**Working data**
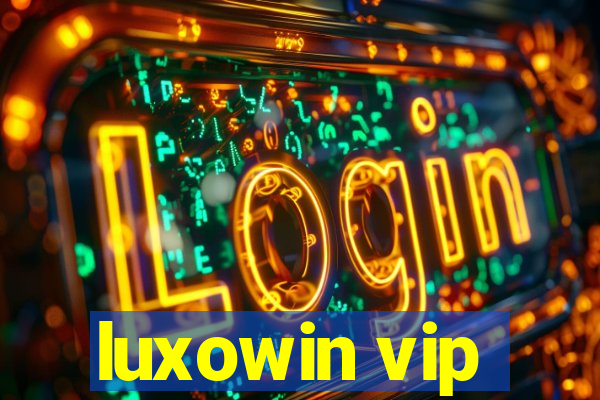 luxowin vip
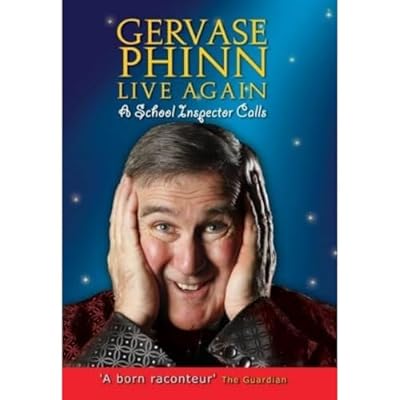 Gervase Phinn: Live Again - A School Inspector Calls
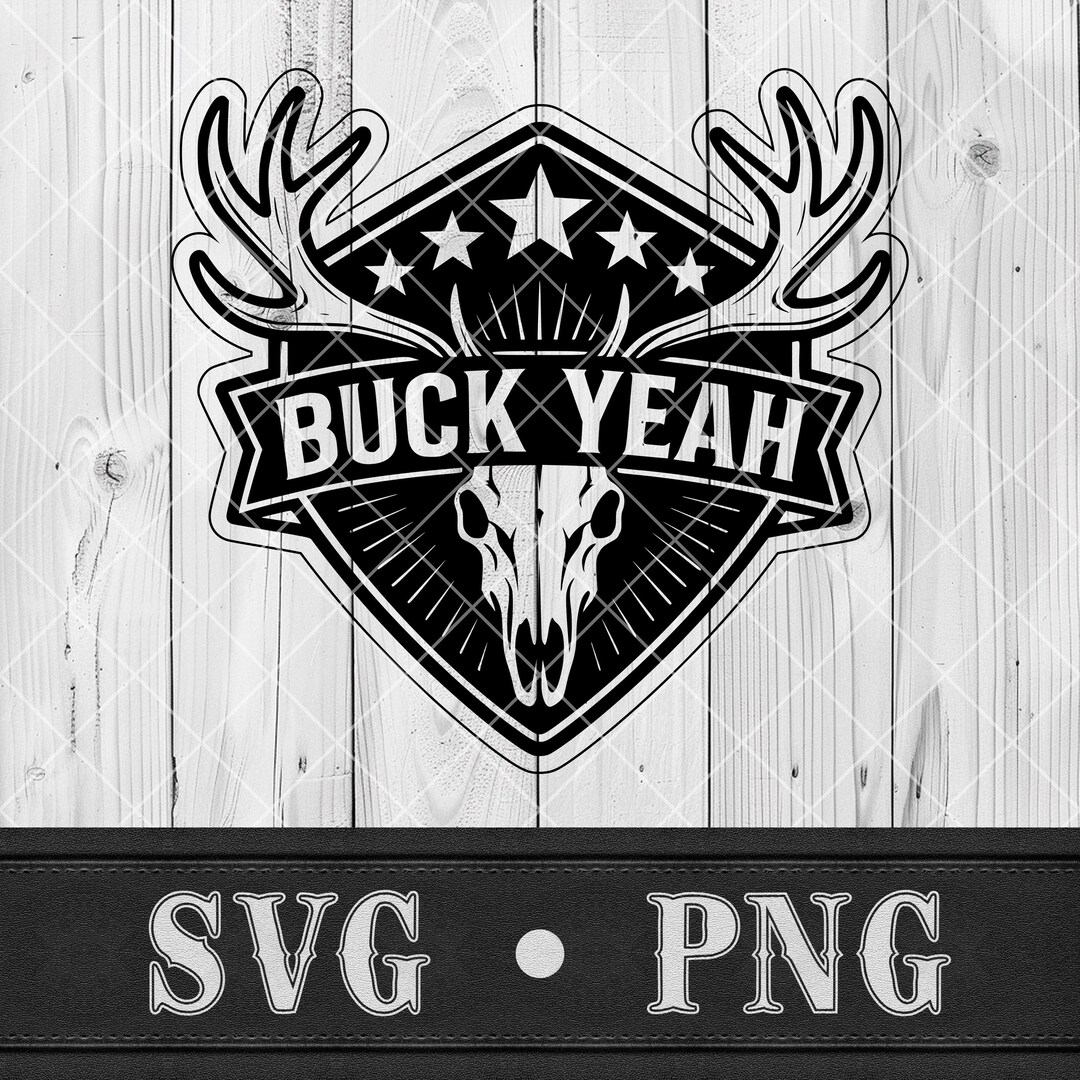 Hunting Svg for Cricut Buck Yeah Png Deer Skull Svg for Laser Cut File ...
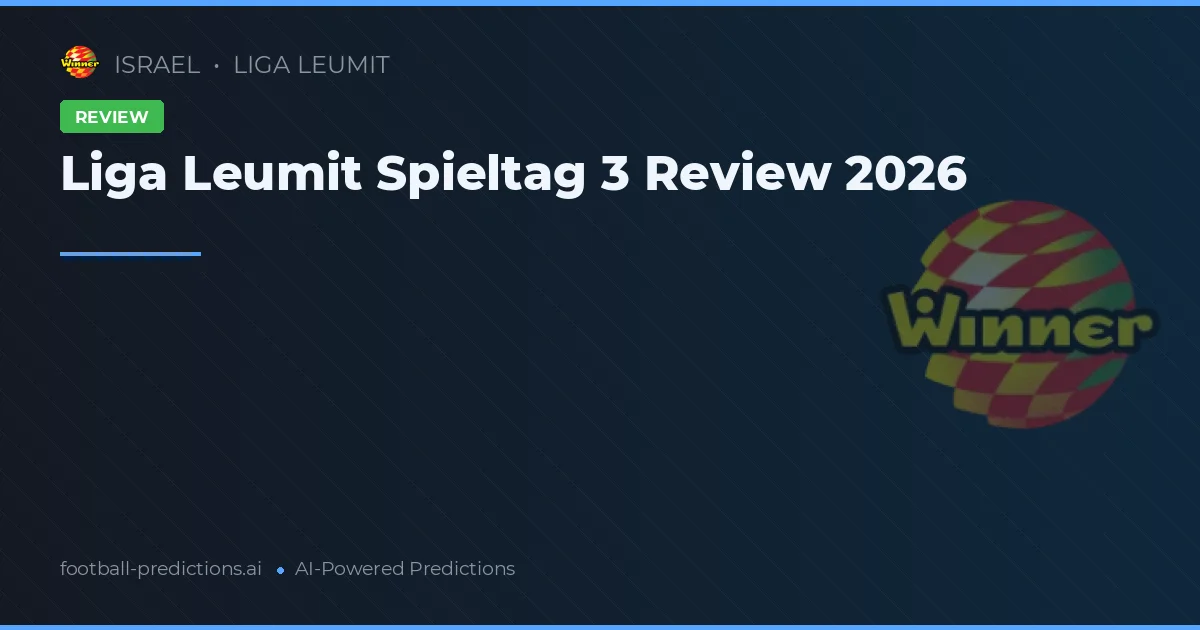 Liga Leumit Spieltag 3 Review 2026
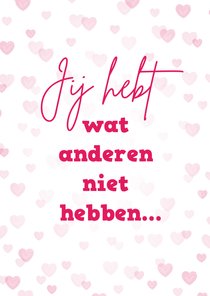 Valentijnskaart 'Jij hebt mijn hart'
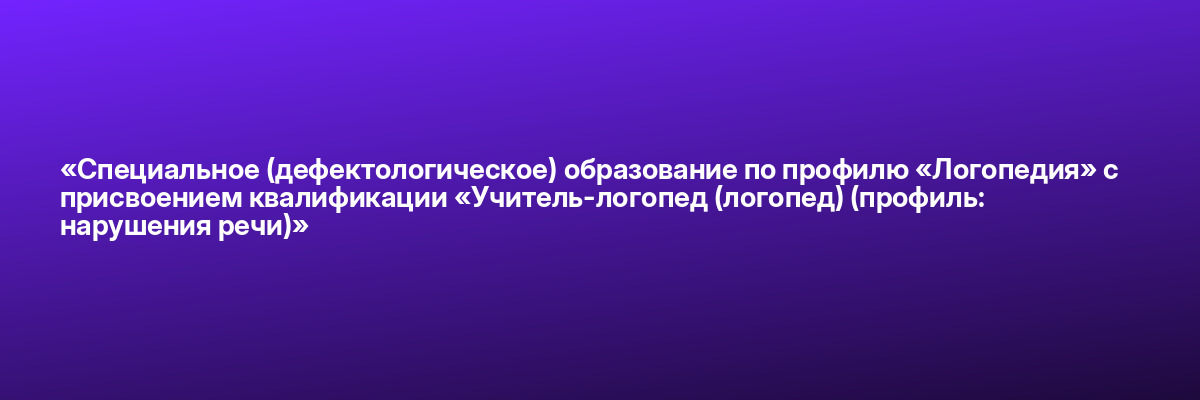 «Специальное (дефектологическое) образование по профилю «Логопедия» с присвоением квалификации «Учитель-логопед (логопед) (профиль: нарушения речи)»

**Task directions**
Everything in the material except the pictures should be restated word for word.

**Written response**
 luxowin vip
 Gervase Phinn: Live Again - A School Inspector Calls
 Hunting Svg for Cricut Buck Yeah Png Deer Skull Svg for Laser Cut File ...
 Liga Leumit Spieltag 3 Review 2026
 Valentijnskaart 'Jij hebt mijn hart'
 «Специальное (дефектологическое) образование по профилю «Логопедия» с присвоением квалификации «Учитель-логопед (логопед) (профиль: нарушения речи)»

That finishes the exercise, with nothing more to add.